EXERCISE REQUIREMENTS. Given the entries that follow, write out exactly the lines starting at the one containing "Stone bridge over a river in autumn forest" and ending at the one containing "Фольксваген Туарег 2007", both ends included, and only those.

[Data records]
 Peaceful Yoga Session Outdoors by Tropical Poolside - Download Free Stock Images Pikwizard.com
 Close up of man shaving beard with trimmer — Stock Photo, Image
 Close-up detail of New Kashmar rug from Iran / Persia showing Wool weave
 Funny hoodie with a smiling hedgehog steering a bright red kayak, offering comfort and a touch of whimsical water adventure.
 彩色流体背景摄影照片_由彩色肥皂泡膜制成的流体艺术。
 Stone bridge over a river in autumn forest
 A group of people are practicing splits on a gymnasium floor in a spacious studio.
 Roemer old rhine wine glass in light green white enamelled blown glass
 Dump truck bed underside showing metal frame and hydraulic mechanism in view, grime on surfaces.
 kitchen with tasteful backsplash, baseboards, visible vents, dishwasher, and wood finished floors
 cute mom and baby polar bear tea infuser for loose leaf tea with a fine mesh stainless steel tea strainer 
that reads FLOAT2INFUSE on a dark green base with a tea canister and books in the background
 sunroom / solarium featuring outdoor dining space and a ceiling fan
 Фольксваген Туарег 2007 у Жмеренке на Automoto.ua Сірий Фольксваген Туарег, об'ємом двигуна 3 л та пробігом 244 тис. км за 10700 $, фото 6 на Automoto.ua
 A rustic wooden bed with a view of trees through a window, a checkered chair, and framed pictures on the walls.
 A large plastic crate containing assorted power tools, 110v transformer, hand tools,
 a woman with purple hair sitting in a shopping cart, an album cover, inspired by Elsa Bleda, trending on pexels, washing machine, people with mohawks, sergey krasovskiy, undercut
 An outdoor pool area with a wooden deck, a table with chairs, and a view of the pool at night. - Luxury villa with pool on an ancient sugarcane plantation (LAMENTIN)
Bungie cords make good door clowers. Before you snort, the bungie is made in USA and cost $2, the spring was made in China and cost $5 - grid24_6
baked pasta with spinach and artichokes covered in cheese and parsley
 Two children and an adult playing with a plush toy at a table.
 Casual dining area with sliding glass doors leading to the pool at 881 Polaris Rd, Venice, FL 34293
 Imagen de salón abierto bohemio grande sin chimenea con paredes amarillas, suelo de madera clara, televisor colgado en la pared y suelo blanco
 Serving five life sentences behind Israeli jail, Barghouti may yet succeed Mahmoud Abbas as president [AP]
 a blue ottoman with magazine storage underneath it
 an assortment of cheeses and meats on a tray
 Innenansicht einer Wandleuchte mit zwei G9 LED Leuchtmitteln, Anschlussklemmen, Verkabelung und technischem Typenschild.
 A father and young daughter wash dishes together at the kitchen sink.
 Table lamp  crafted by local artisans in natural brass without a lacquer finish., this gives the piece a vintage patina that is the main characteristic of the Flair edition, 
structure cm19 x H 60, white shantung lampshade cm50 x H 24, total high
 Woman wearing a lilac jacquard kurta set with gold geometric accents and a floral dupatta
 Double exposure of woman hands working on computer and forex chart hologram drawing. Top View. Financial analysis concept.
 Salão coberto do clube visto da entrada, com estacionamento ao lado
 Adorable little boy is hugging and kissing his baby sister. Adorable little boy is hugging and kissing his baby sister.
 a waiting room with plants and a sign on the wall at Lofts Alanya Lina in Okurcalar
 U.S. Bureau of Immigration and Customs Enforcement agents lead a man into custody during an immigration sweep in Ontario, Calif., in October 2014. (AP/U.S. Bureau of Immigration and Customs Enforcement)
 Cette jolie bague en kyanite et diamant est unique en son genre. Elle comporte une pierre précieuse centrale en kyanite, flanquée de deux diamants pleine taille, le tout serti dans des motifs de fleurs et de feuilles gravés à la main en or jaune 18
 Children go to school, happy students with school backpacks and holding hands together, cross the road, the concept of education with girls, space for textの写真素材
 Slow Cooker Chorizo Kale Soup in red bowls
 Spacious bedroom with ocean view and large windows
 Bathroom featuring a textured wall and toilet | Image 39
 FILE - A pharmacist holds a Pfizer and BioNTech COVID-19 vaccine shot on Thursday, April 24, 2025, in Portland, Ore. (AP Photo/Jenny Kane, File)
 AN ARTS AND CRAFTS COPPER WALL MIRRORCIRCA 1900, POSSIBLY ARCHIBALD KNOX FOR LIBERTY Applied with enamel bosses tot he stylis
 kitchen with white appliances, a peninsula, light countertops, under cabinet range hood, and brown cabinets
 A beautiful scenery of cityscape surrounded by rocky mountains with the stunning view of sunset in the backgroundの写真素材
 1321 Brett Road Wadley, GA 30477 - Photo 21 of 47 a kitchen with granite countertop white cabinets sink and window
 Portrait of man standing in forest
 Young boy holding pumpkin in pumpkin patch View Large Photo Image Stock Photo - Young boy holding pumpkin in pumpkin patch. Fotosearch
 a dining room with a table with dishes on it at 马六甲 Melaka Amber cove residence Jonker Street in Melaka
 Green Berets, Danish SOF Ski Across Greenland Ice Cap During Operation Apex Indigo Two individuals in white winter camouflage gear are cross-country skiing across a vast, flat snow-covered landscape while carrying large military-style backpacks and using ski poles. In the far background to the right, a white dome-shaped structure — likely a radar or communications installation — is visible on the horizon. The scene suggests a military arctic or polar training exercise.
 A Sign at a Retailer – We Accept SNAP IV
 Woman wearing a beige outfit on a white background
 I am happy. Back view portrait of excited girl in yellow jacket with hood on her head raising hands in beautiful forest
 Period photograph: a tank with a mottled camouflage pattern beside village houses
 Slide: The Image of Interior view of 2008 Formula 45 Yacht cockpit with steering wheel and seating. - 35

SOLUTION TO THIS EXERCISE.
 Stone bridge over a river in autumn forest
 A group of people are practicing splits on a gymnasium floor in a spacious studio.
 Roemer old rhine wine glass in light green white enamelled blown glass
 Dump truck bed underside showing metal frame and hydraulic mechanism in view, grime on surfaces.
 kitchen with tasteful backsplash, baseboards, visible vents, dishwasher, and wood finished floors
 cute mom and baby polar bear tea infuser for loose leaf tea with a fine mesh stainless steel tea strainer 
that reads FLOAT2INFUSE on a dark green base with a tea canister and books in the background
 sunroom / solarium featuring outdoor dining space and a ceiling fan
 Фольксваген Туарег 2007 у Жмеренке на Automoto.ua Сірий Фольксваген Туарег, об'ємом двигуна 3 л та пробігом 244 тис. км за 10700 $, фото 6 на Automoto.ua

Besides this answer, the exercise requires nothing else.